As the question title reads, assigning 2^31 to a signed and unsigned 32-bit integer variable gives an unexpected result.

Here is the short program (in C++), which I made to see what's going on:

#include <cstdio>
using namespace std;

int main()
{
    unsigned long long n = 1<<31;
    long long n2 = 1<<31;  // this works as expected
    printf("%llu\n",n);
    printf("%lld\n",n2);
    printf("size of ULL: %d, size of LL: %d\n", sizeof(unsigned long long), sizeof(long long) );
    return 0;
}

Here's the output:

MyPC / # c++ test.cpp -o test
MyPC / # ./test
18446744071562067968      <- Should be 2^31 right?
-2147483648               <- This is correct ( -2^31 because of the sign bit)
size of ULL: 8, size of LL: 8

I then added another function p(), to it:

void p()
{
  unsigned long long n = 1<<32;  // since n is 8 bytes, this should be legal for any integer from 32 to 63
  printf("%llu\n",n);
}

On compiling and running, this is what confused me even more:

MyPC / # c++ test.cpp -o test
test.cpp: In function ‘void p()’:
test.cpp:6:28: warning: left shift count >= width of type [enabled by default]
MyPC / # ./test 
0
MyPC /

Why should the compiler complain about left shift count being too large? sizeof(unsigned long long) returns 8, so doesn't that mean 2^63-1 is the max value for that data type?

It struck me that maybe n*2 and n<<1, don't always behave in the same manner, so I tried this:

void s()
{
   unsigned long long n = 1;
   for(int a=0;a<63;a++) n = n*2;
   printf("%llu\n",n);
}

This gives the correct value of 2^63 as the output which is 9223372036854775808 (I verified it using python). But what is wrong with doing a left shit?
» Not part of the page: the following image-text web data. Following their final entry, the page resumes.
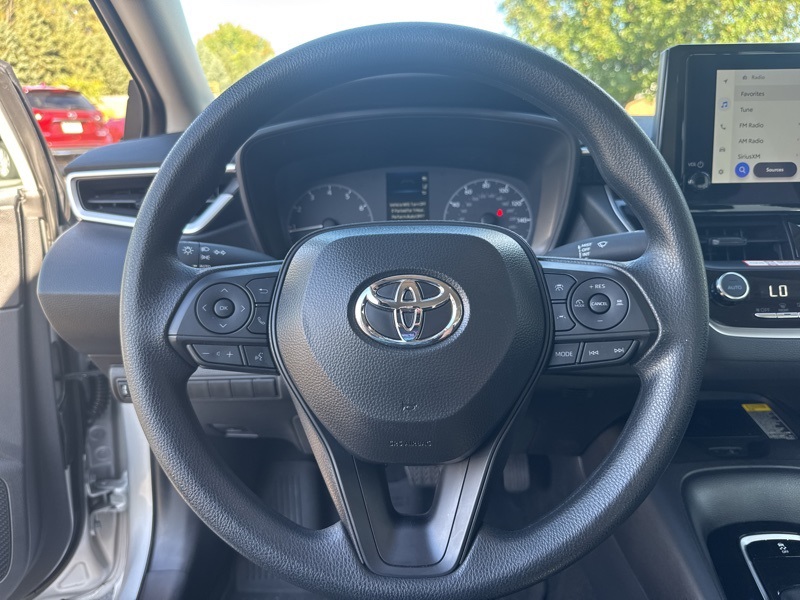 2025 Toyota Corolla LE photo 10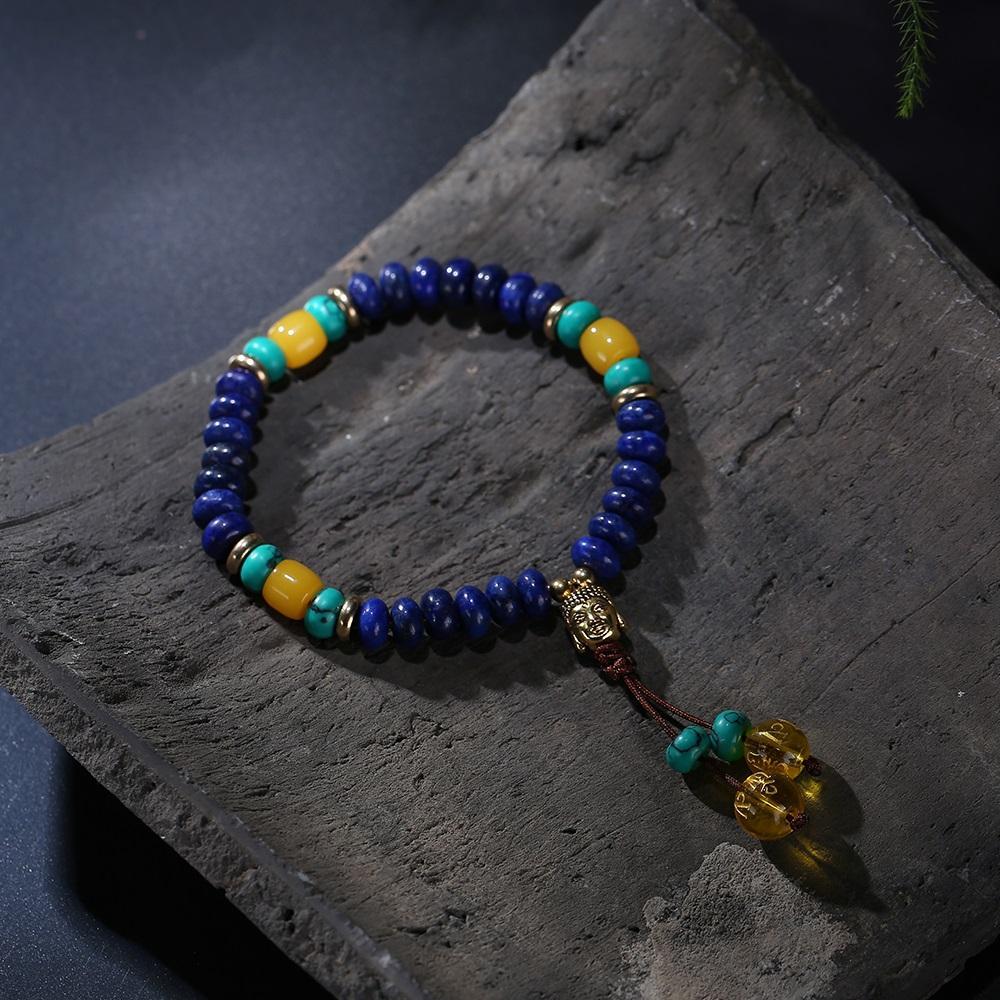 Flacher natürlicher Lapislazuli-Stein mit 6-Silben-Mantra-Quaste und Mala-Armband mit Buddhakopf-Charm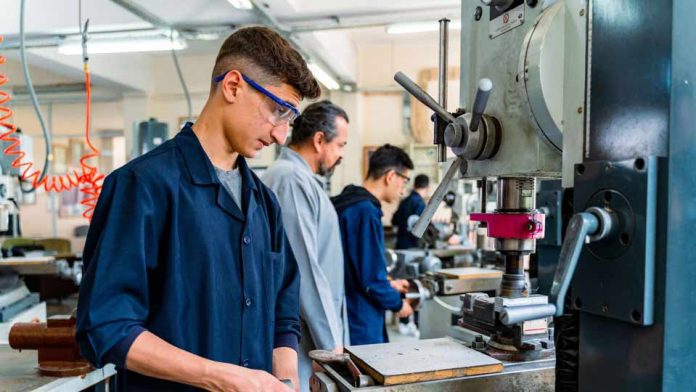 El rol clave de la educación técnico profesional para enfrentar el desempleo y fortalecer la fuerza laboral El rol clave de la educación técnico profesional para enfrentar el desempleo y fortalecer la fuerza laboral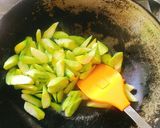 รูปขั้นตอนการทำที่ 1 ของ บวบเหลี่ยมผัดไข่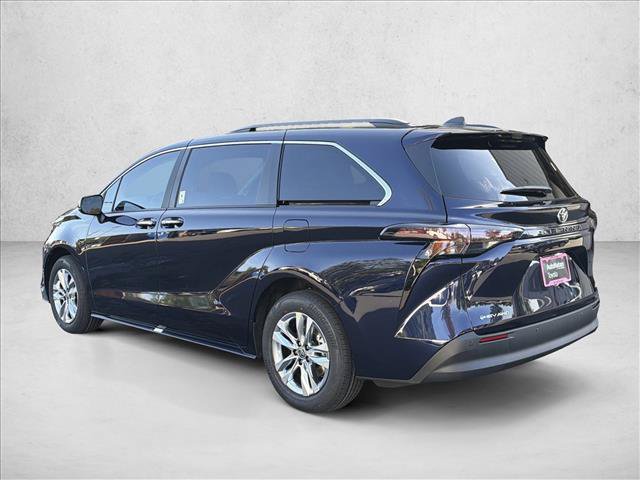 New 2026 Toyota Sienna XLE AWD/4WD image 7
A left arithmetic shift by n is equivalent to multiplying by 2ⁿ (provided the value does not overflow)

-- Wikipedia

The value is not overflowing, only a minus sign will appear since the value is 2^63 (all bits are set).

I'm still unable to figure out what's going on with left shift, can anyone please explain this?
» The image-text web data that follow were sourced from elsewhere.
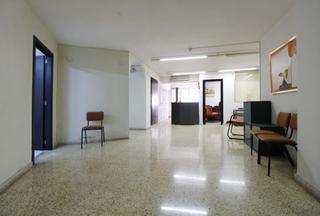 Local commercial  Calle italia. Local en venta en zona centro alicante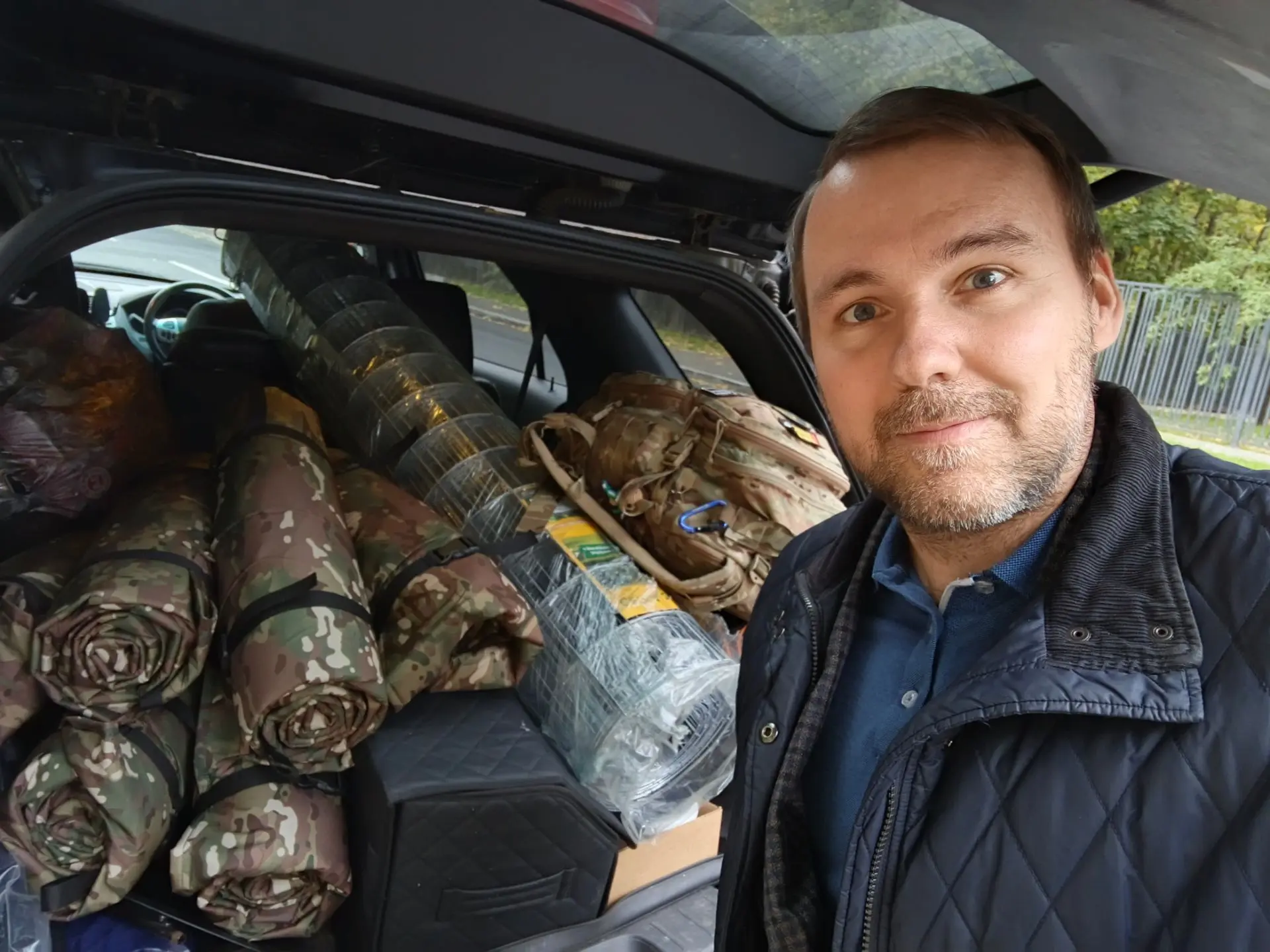 Друзья, пишу эти строки с моей дороги в Брянское приграничье, к бойцам-танкистам. Везем...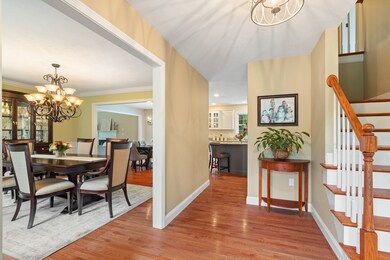 15 Olde Carriage Ln, Douglas, MA 01516 - photo 2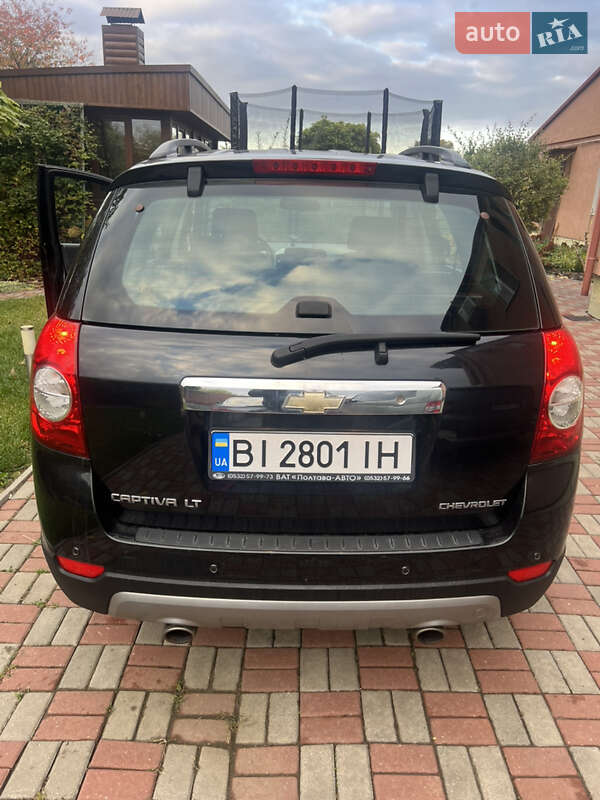 Позашляховик / Кросовер Chevrolet Captiva 2010 в Полтаві фото 4 Позашляховик / Кросовер Chevrolet Captiva 2010 в Полтаві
PS: This program was run on a 32-bit system running linux mint (if that helps)

Answer 1

On this line:

unsigned long long n = 1<<32;

The problem is that the literal 1 is of type int - which is probably only 32 bits. Therefore the shift will push it out of bounds.

Just because you're storing into a larger datatype doesn't mean that everything in the expression is done at that larger size.
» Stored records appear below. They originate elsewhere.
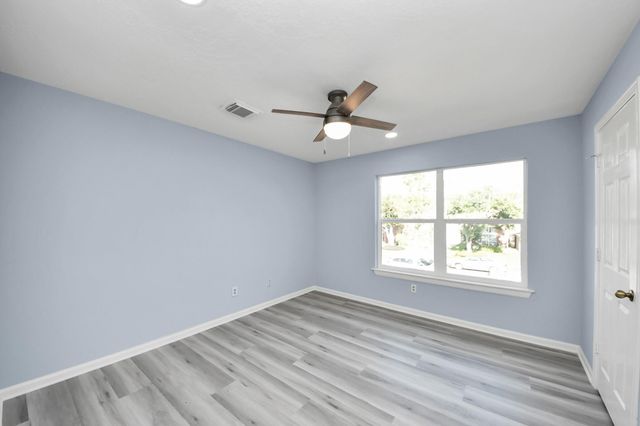 4211 Royal Manor Drive, Pasadena, TX 77505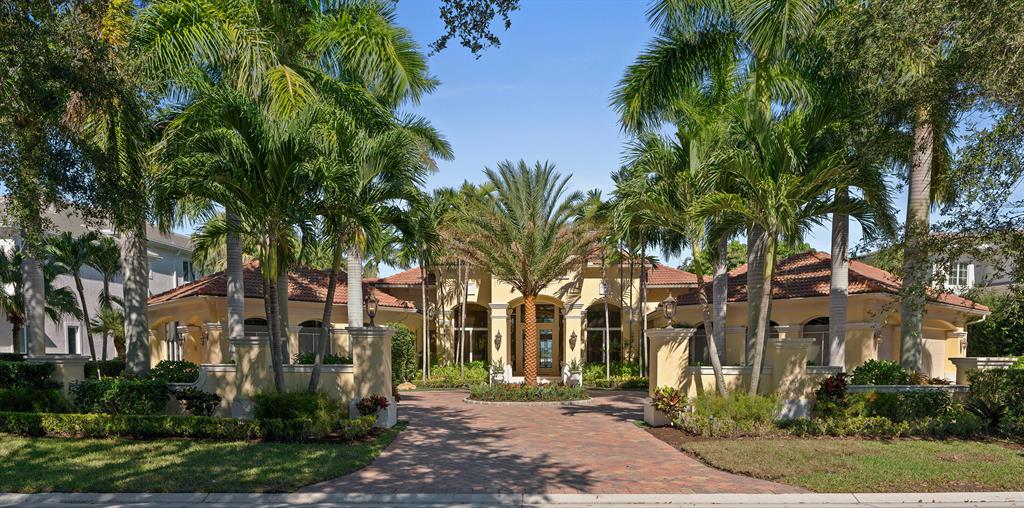 ADMIRALS COVE - Residential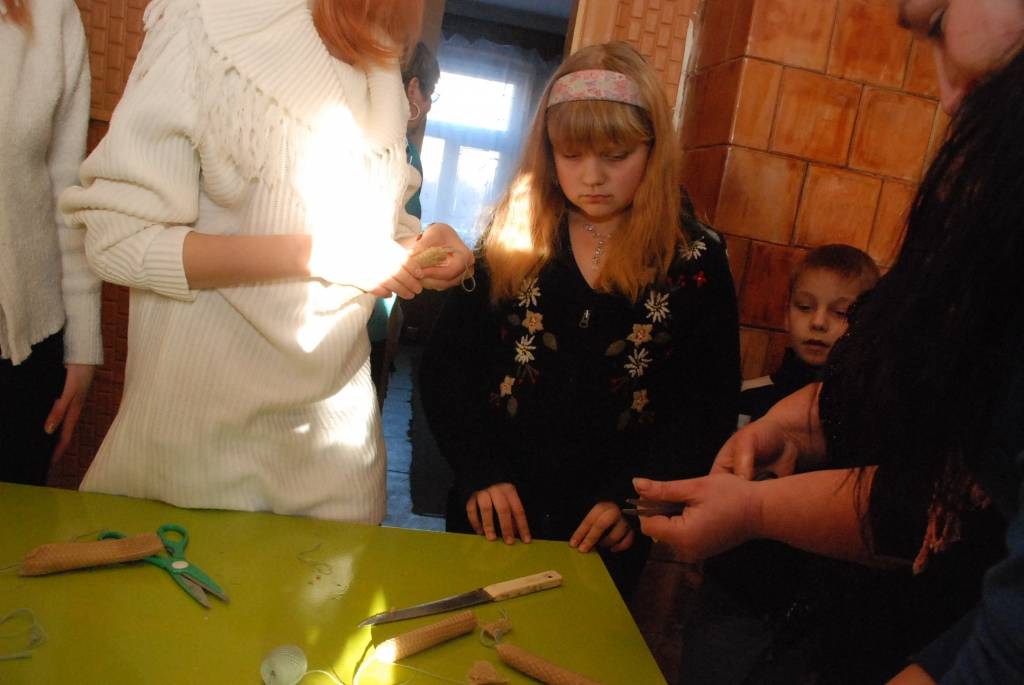 Sveču dienā, 2. februārī, jālej un jādedzina sveces, šo tradīciju jaunajai paaudzei atgādināja daudzbērnu ģimeņu biedrība „Dzērvīte”. 

„Dzērvītē” pirmā tikšanās jaunajā gadā notika sveču dienas priekšvakarā. Grobiņas radošā kluba „Efeja”...
Autors: Anita Kantāne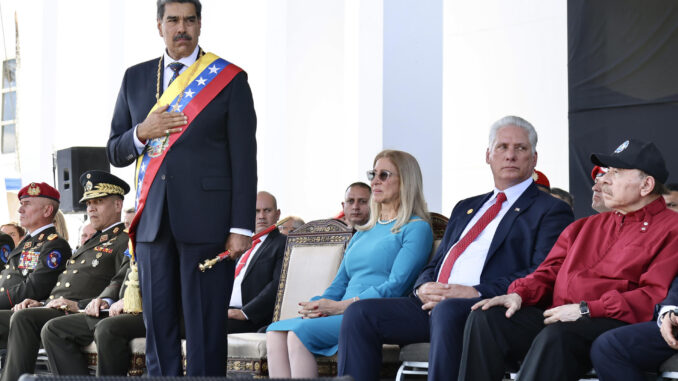 Fotografía cedida por la Presidencia de Cuba del líder chavista Nicolás Maduro (i), su esposa Cilia Flores (c), el presidente de Cuba, Miguel Díaz-Canel (2-d) y su homólogo de Nicaragua, Daniel Ortega, en un acto este viernes 10 de enero, en Caracas (Venezuela). EFE/ Alejandro Azcuy / Presidencia de Cuba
So to correct it, you need to either cast it up or make it an unsigned long long literal:

unsigned long long n = (unsigned long long)1 << 32;
unsigned long long n = 1ULL << 32;

Answer 2

The reason 1 << 32 fails is because 1 doesn't have the right type (it is int). The compiler doesn't do any converting magic before the assignment itself actually happens, so 1 << 32 gets evaluated using int arithmic, giving a warning about an overflow.

Try using 1LL or 1ULL instead which respectively have the long long and unsigned long long type.

Answer 3

The line

unsigned long long n = 1<<32;

results in an overflow, because the literal 1 is of type int, so 1 << 32 is also an int, which is 32 bits in most cases.

The line

unsigned long long n = 1<<31;

also overflows, for the same reason. Note that 1 is of type signed int, so it really only has 31 bits for the value and 1 bit for the sign. So when you shift 1 << 31, it overflows the value bits, resulting in -2147483648, which is then converted to an unsigned long long, which is 18446744071562067968. You can verify this in the debugger, if you inspect the variables and convert them.

So use

unsigned long long n = 1ULL << 31;